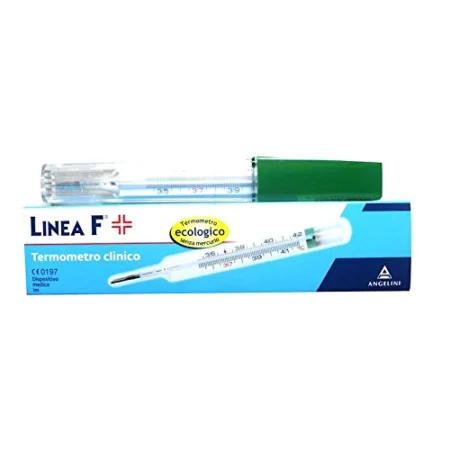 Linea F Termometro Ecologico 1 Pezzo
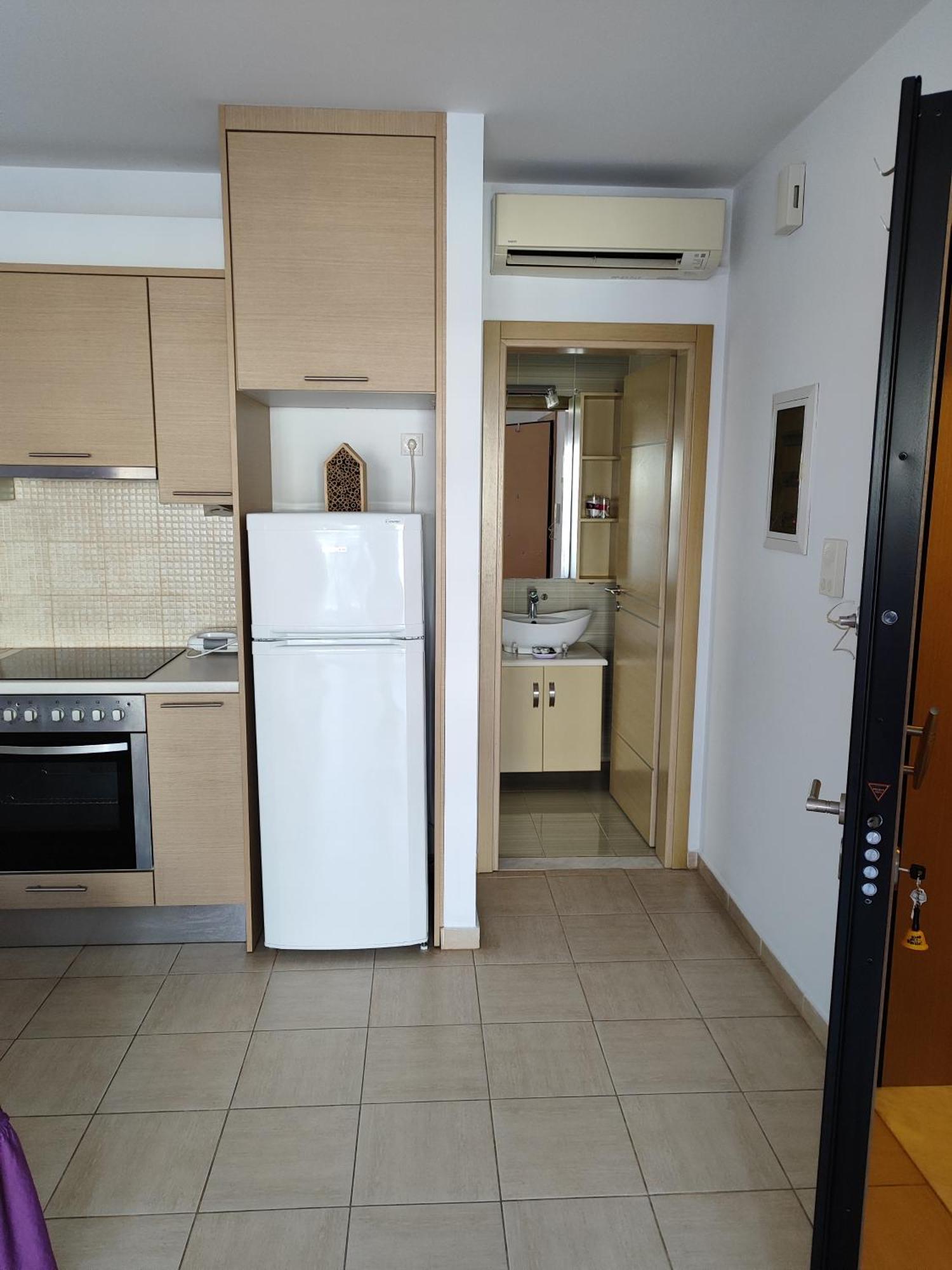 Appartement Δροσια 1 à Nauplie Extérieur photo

========================================

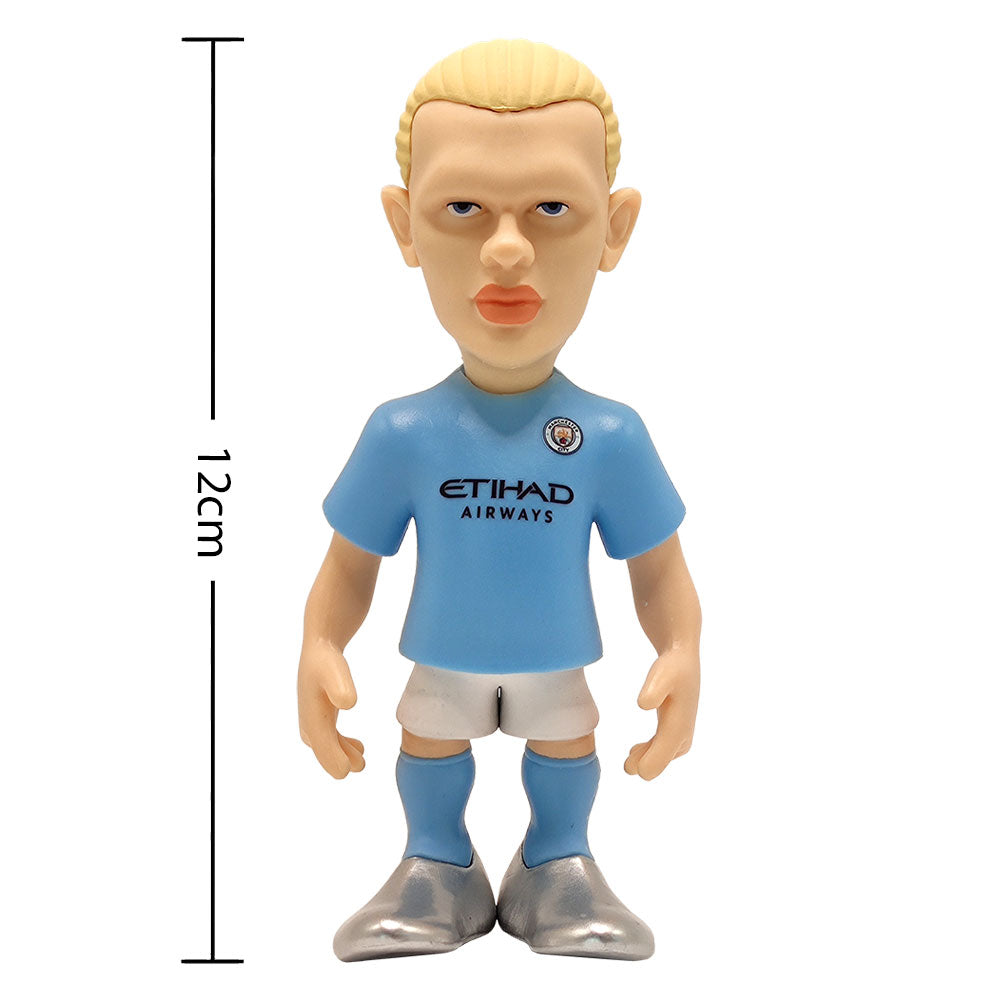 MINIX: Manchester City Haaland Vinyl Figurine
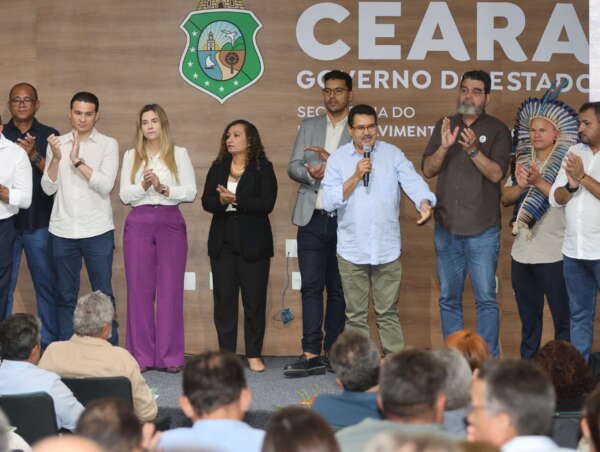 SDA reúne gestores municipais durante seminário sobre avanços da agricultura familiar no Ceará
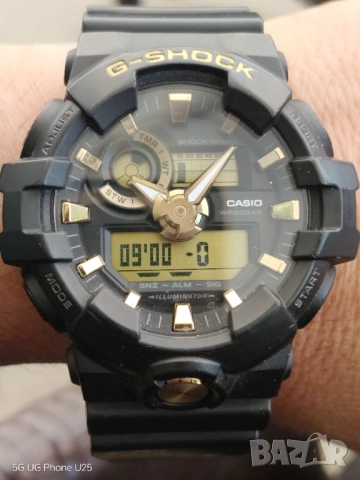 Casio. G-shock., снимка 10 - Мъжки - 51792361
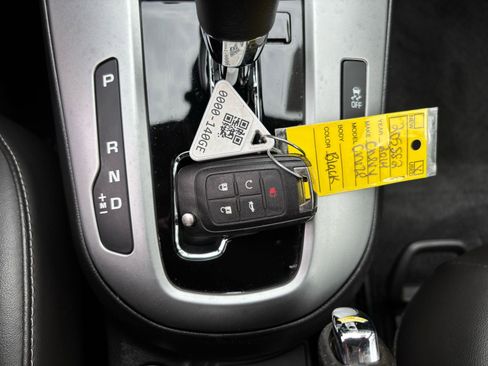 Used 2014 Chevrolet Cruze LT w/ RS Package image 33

========================================

▶ **Work instruction**:
Starting at the line containing "Casio. G-shock., снимка" and stopping at the line containing "Used 2014 Chevrolet", output each line exactly as it appears above. Leave out the pictures.

▶ **Exercise solution**:
 Casio. G-shock., снимка 10 - Мъжки - 51792361
 Used 2014 Chevrolet Cruze LT w/ RS Package image 33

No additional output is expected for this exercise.